When we think about therapy, we often focus on the client’s experience: how we can help them, how to support them effectively, and which evidence-based methods might work best. But it’s worth giving thought to our own experience of therapy, too.
If we’ve been in therapy ourselves, we’ll know something of what it’s like to be on the other side of the process. And if we haven’t, we might not realise what we’re missing, both personally and professionally.
During training, we spend a lot of time learning about theory, methods, and ethics. We talk about boundaries, case formulation, and what it means to support another person in distress. Yet, we often forget that it’s never just the client in the room. The therapist is there, too – a human being with their own history, blind spots, biases, and unconscious patterns.

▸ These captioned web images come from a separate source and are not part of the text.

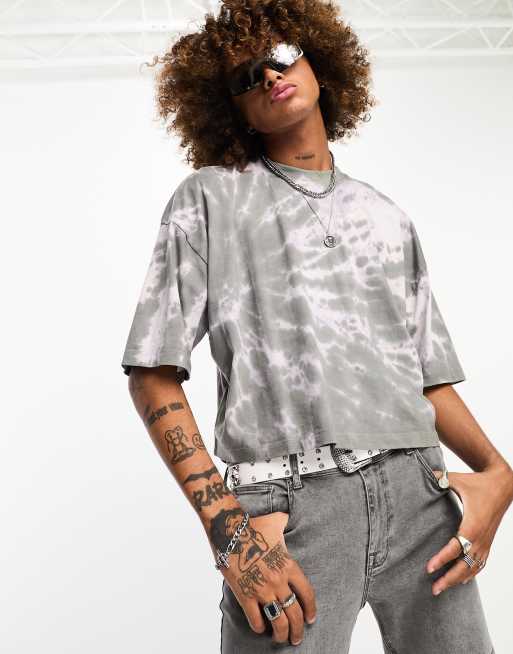 ASOS DESIGN – Szary krótki T-shirt oversize z efektem tie dye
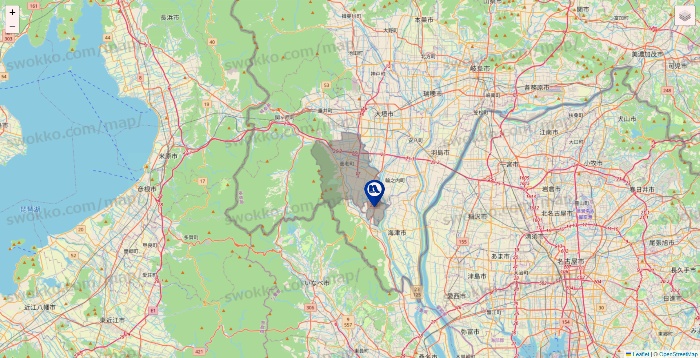 岐阜県のナフコの店舗地図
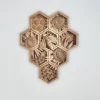 Wooden Bee Honeycomb Wall Art Laser Cut 3D Handmade in the USA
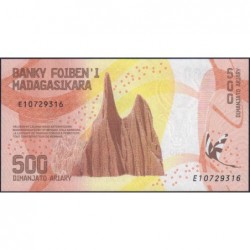 Madagascar - Pick 99a - 500 ariary - Série E - 2017 - Polymère hybride - Etat : NEUF
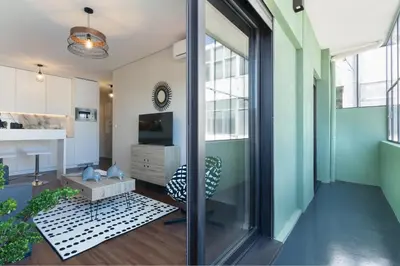 a living room with a sliding glass door at Urban Views - ML 2Bed Apart Inspired by Casa da Música in Porto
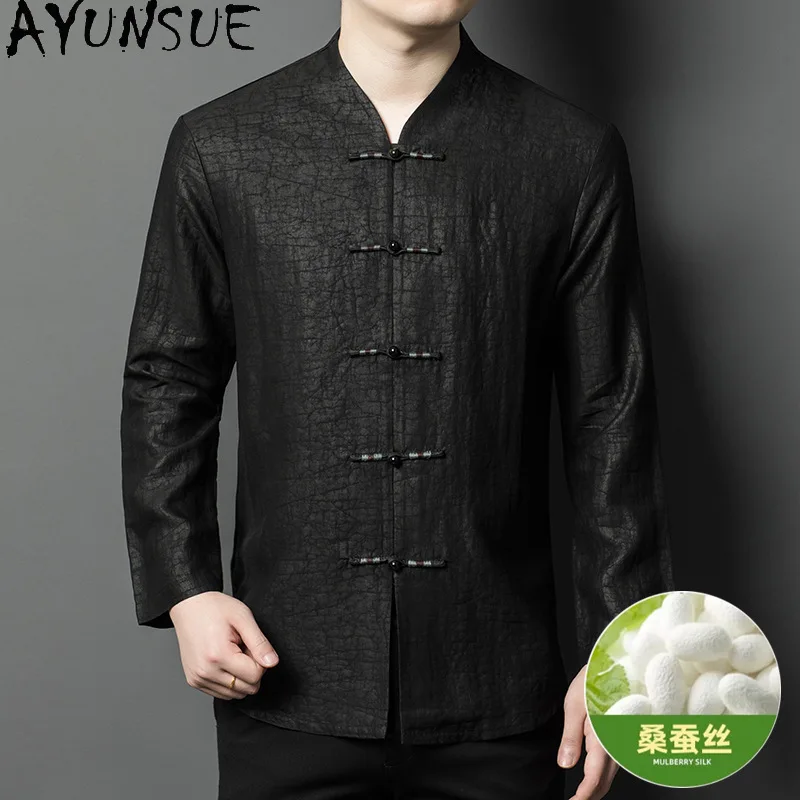 AYUNSUE High-end 100% Natural Mulberry Silk Shirts Man Clothing 2026 Spring Fashion Long Sleeve Shirt Casual Black Tops Camisa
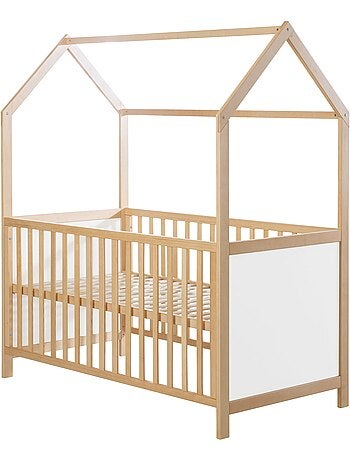 ROBA Lettino casetta evolutivo 70×140 – convertibile – altezza regolabile – naturale/bianco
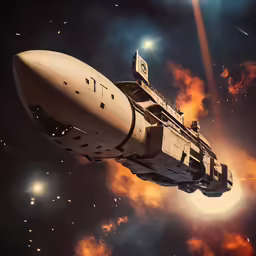 a large space ship flying through a cloudy sky
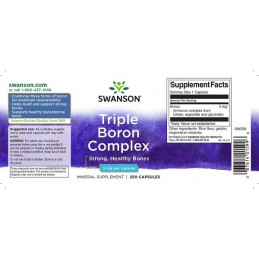 Swanson Triple Boron Complex (Bor), 3mg - 250 Capsule Beneficii bor (boron)  accelereaza ameliorarea ranilor, imbunatateste sana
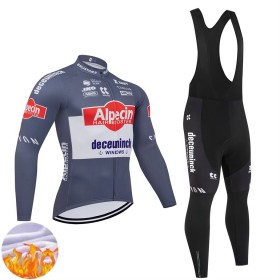 Homme Tenue Cycliste Manches Longues et Collant à Bretelles Hiver Thermal Fleece Alpecin Deceuninck 2025
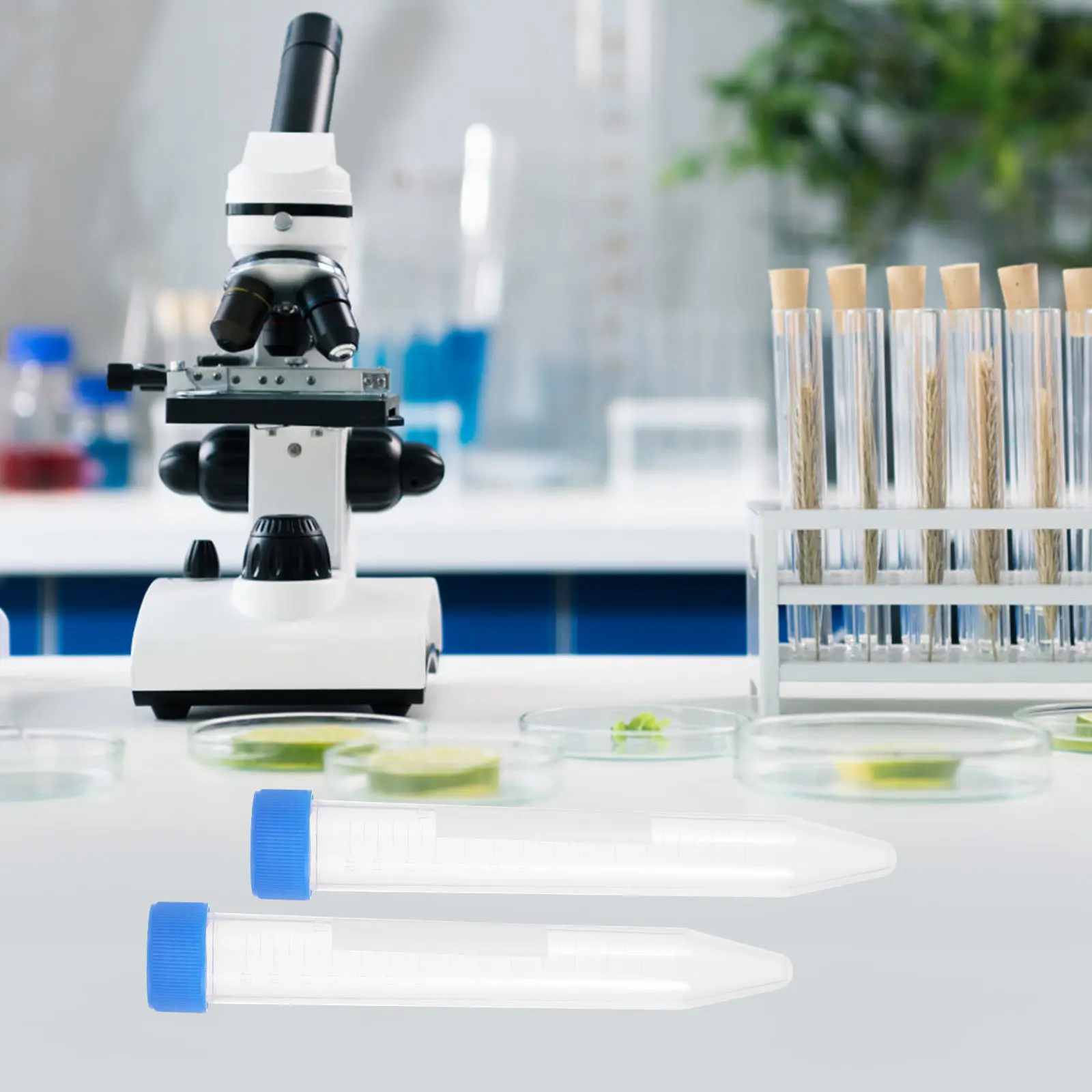 50Pcs 15Ml Centrifuge Tubes Plastic Scientific Lab Test Tubes with Clear Scale Vented Screw Caps for Precise Measurement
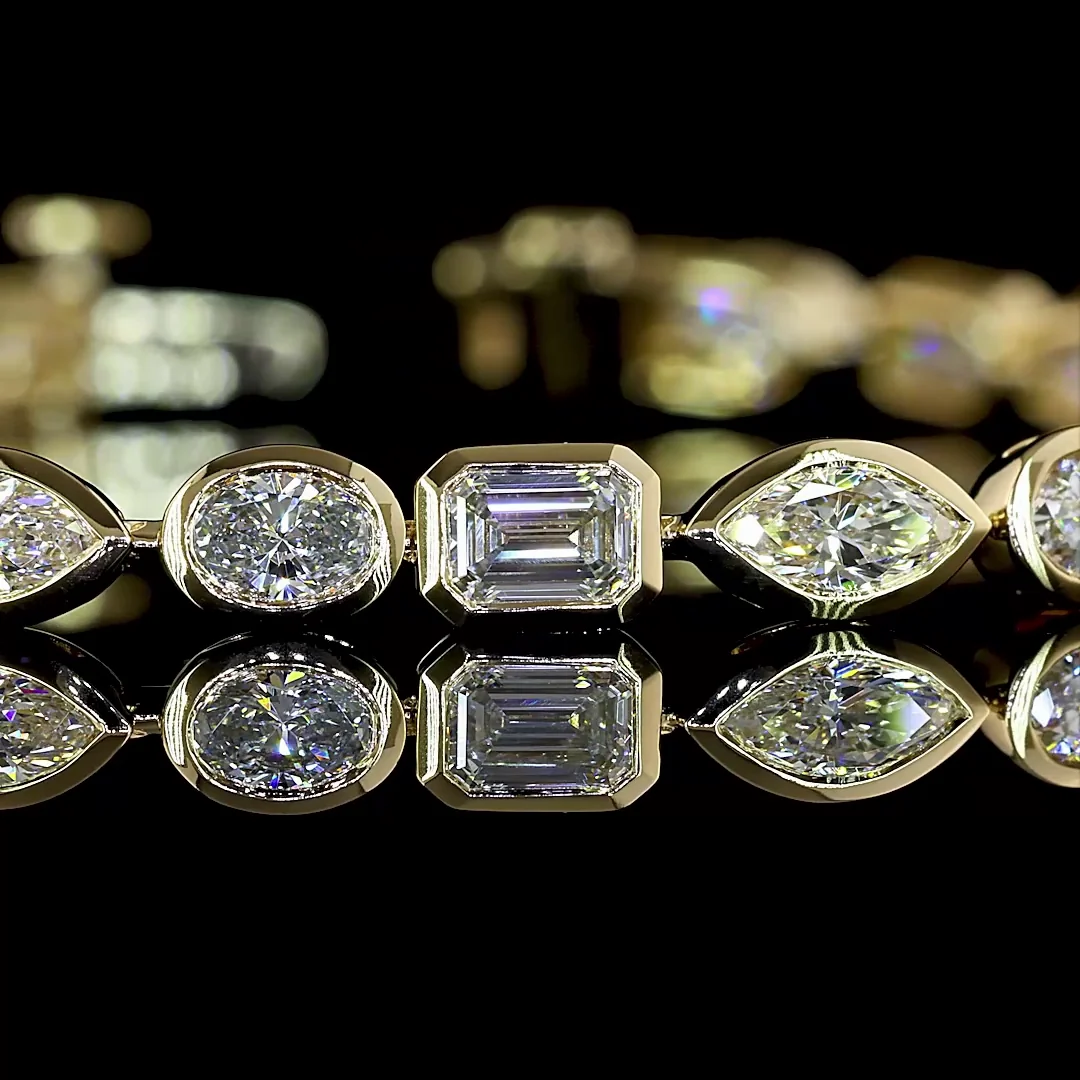 5.4 Cts 14k Yellow Gold Mix Shape Tennis Bracelet - Image 2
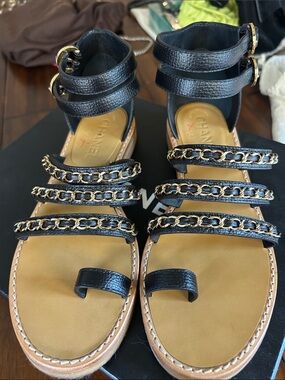 CHANEL Black Leather Chain-Strap Multi-Band Sandals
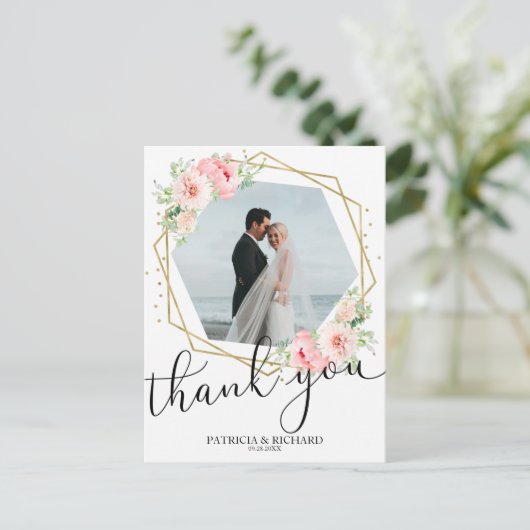 Trouw Trouw Dank U Roze Bloem Goud Folie Geometris Briefkaart (Staand voorkant)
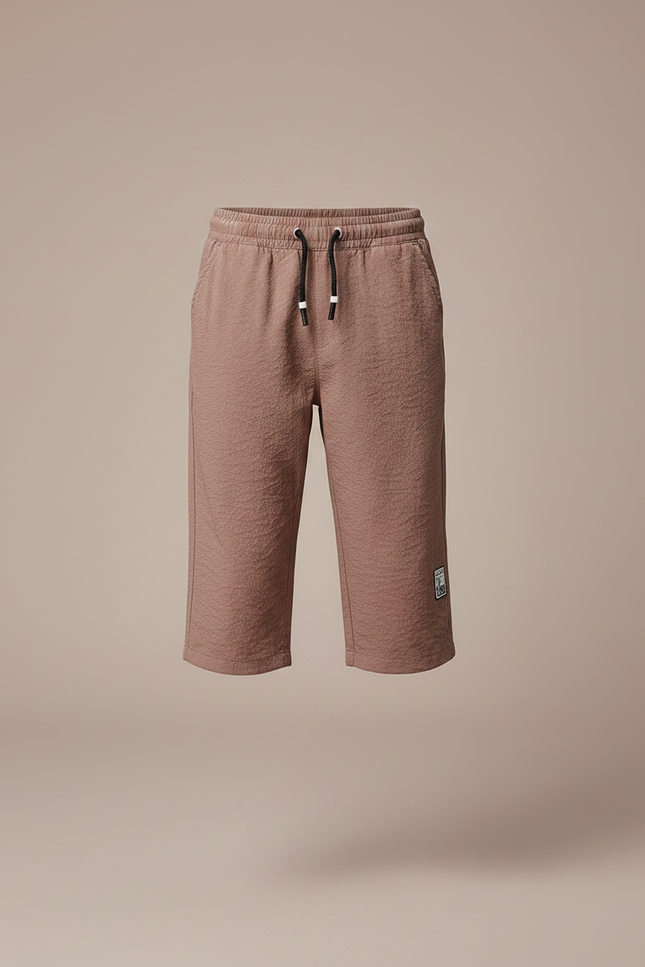 Pantalon Marron Gaufré Coton Lin Décontracté Enfant - vue 3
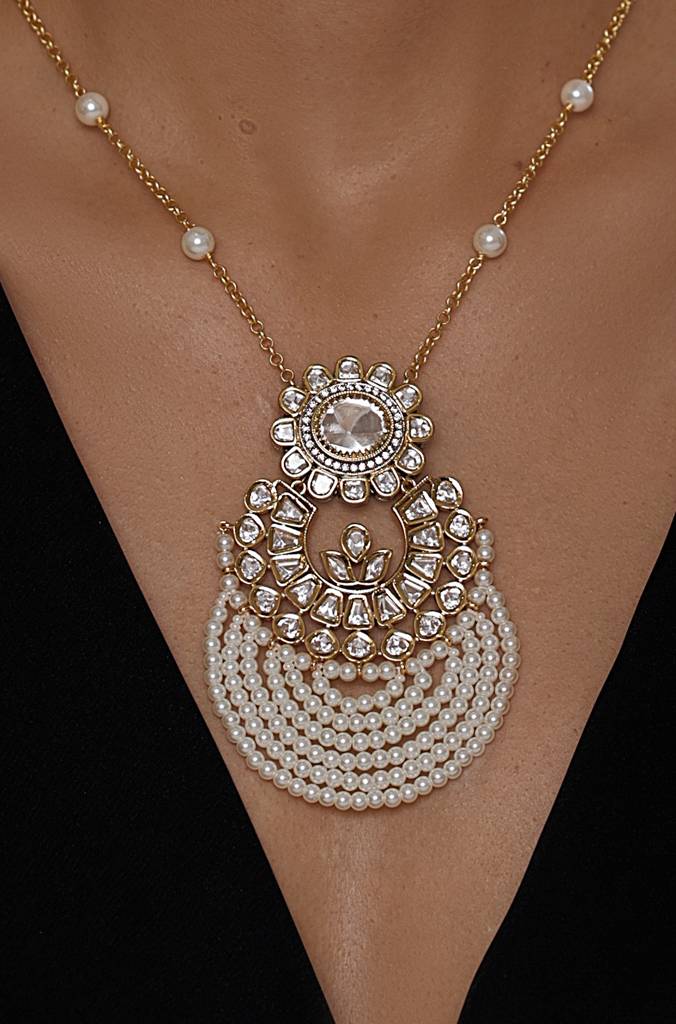Polki-Pearl Minimal Pendant Necklace : JBRSSNK313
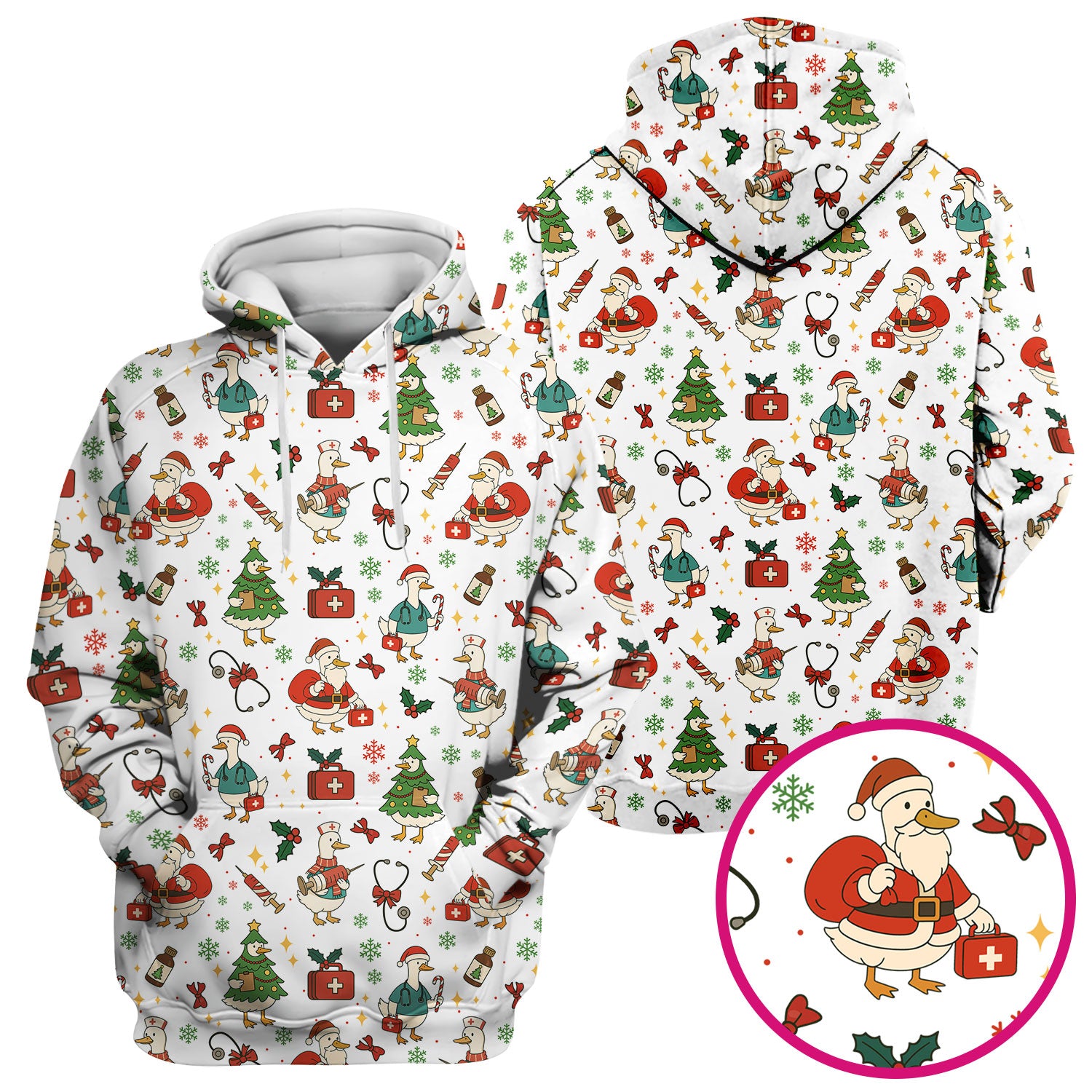 Christmas Duck Nurse Scrub Top for Women - Cute Santa Claus Pattern - Funny Holiday Nursing Shirt Gift for RN LPN CNA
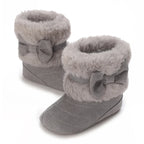 0-18M baby shoes Girls winter plush comfort snow boots cute bow cotton shoes baby soft soled non-slip toddler shoes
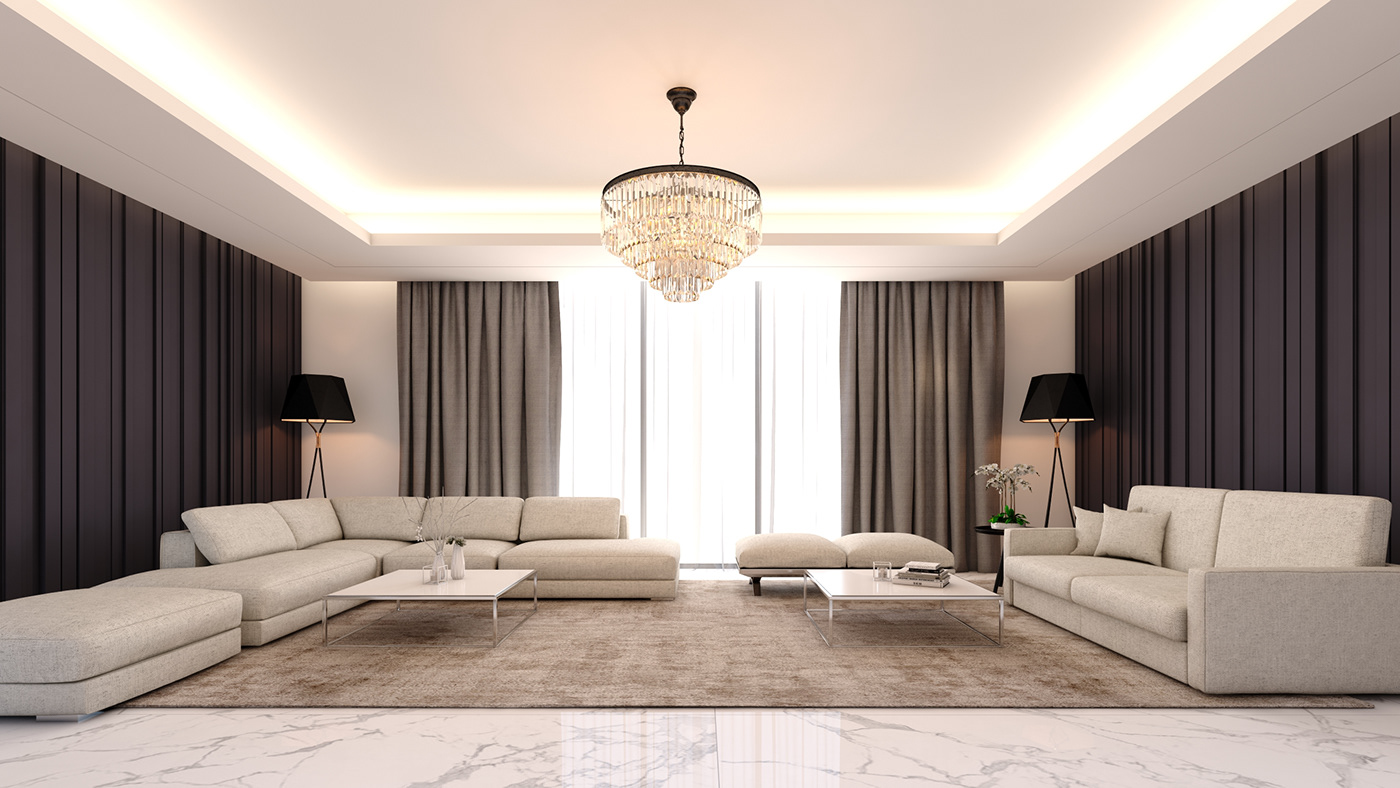 Elegant modern living room with chic chandelier.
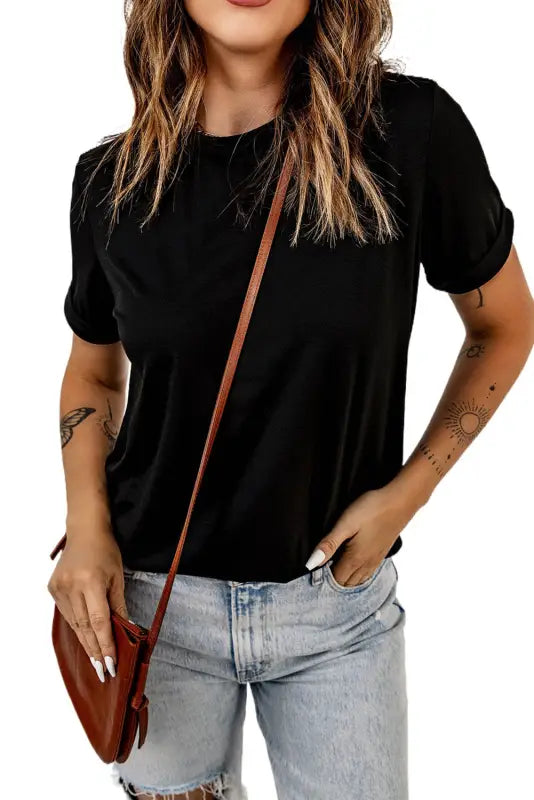 Black round neck rolled sleeve plus size t-shirt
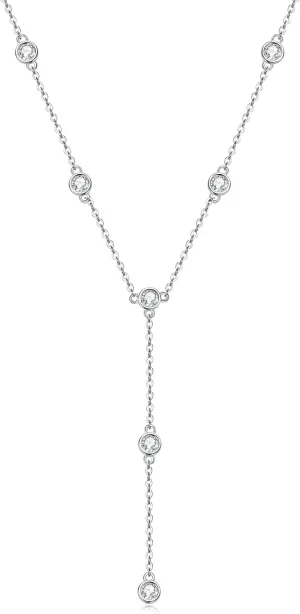 Moissanite Necklace for Women Sterling Silver, Lab Imitation Diamond Lariat Drop Y necklace, Dainty Simple Long Prom Bridal Wedding Hypoallergenic Neckalces, 16 to 20 Inch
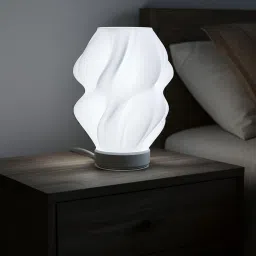 Modern Sculptural Bedside Lamp | LED White Light Table Lamp for Bedroom, Living Room & Nightstand | Minimalist Home Decor Night Lamp for Reading & Relaxation image 3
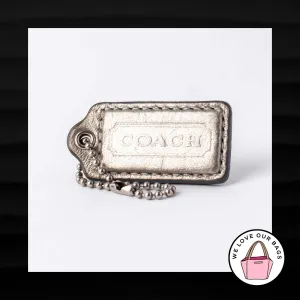 2" Medium COACH SILVER METALLIC LEATHER KEY FOB BAG CHARM KEYCHAIN HANGTAG TAG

Like our clients, we also have private struggles, even if they don’t always surface in obvious ways. Therapy offers the opportunity to engage with these parts of ourselves so that they don’t get in the way of our work from behind the scenes.
When therapists go through their own therapy, they gain something that can’t be taught in the classroom: a real understanding of what it’s like being the client.
Seeing the work from the inside out
Being a client helps us appreciate the courage it takes to sit in the other chair and start talking. It reminds us how it feels to be uncertain, self-conscious, or unsure whether we’re being understood. Experiencing the therapeutic relationship from this side provides a new sensitivity to what our clients go through: how it feels when the therapist says nothing, when emotions arise unexpectedly, or when progress feels slow. That awareness changes how we show up with ourselves and our clients as we hopefully become more patient, and more attuned to what’s happening in the room.
Cultivating depth over solutions
One of the biggest risks for therapists who haven’t had their own therapy is falling into a problem-solving mindset – wanting to fix, to reassure, or to move too quickly toward solutions. When we’ve experienced good therapy ourselves, we know what it’s like to be given time to explore rather than being rushed to “improve”. We know the relief of being seen and understood rather than managed or corrected. That experience teaches us the value of having the room to breathe, and it helps us recognise that real change doesn’t come from quick answers but from being able to sit with what’s difficult and make sense of it together.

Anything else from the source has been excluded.